**Task item:**
Emit the data below verbatim, stripping out any pictures.

**Supplied information:**
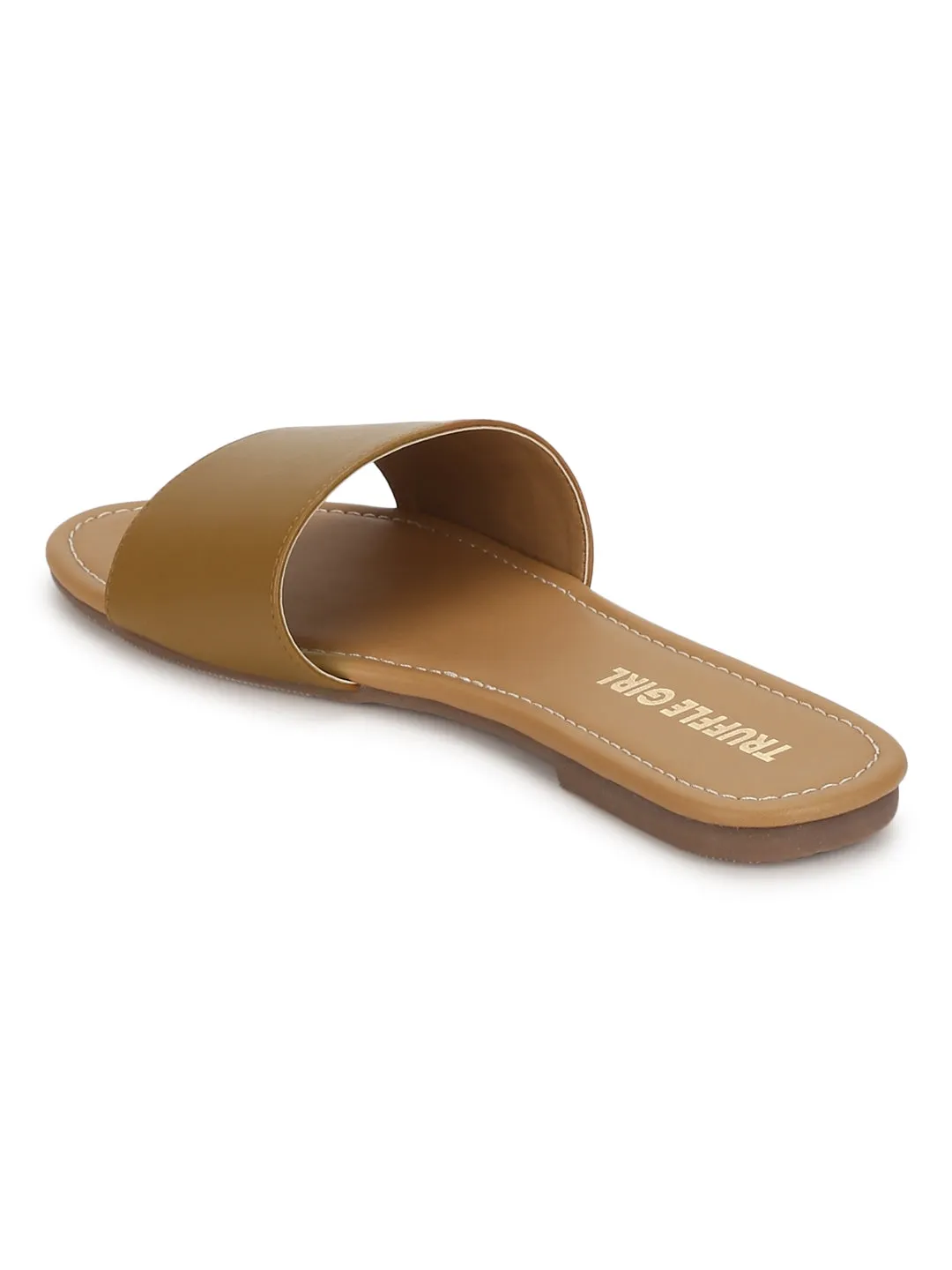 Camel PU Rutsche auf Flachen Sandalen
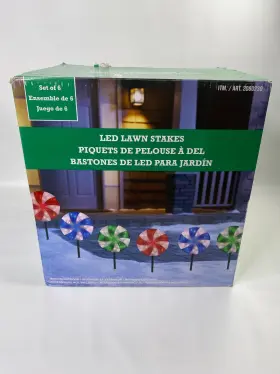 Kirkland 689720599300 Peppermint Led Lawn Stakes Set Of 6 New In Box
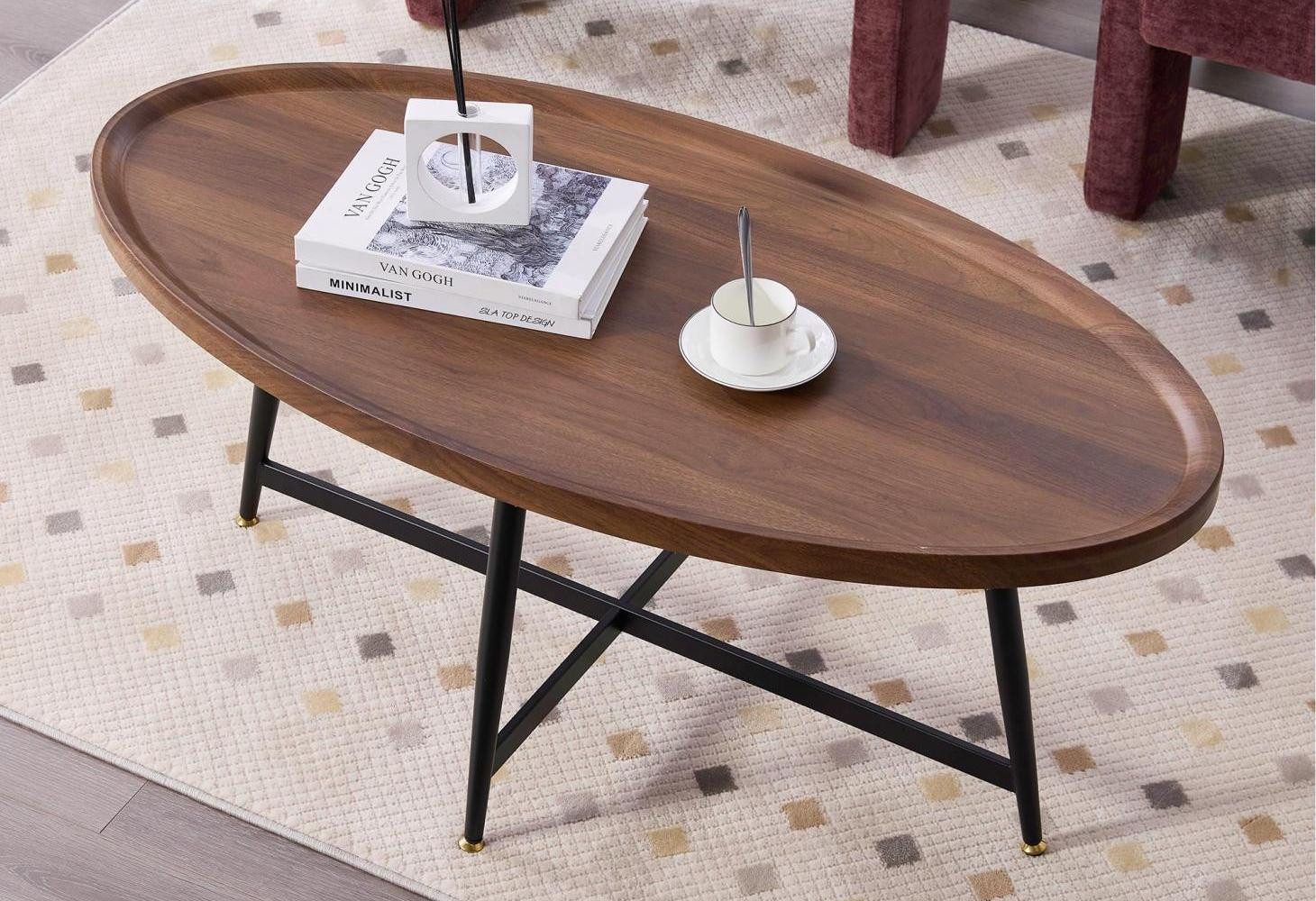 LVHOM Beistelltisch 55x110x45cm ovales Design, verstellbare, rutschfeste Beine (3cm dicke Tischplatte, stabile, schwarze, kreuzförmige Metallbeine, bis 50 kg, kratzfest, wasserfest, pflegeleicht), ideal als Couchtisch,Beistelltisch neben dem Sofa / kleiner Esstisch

**Output of the task:**
 Camel PU Rutsche auf Flachen Sandalen
 Kirkland 689720599300 Peppermint Led Lawn Stakes Set Of 6 New In Box
 LVHOM Beistelltisch 55x110x45cm ovales Design, verstellbare, rutschfeste Beine (3cm dicke Tischplatte, stabile, schwarze, kreuzförmige Metallbeine, bis 50 kg, kratzfest, wasserfest, pflegeleicht), ideal als Couchtisch,Beistelltisch neben dem Sofa / kleiner Esstisch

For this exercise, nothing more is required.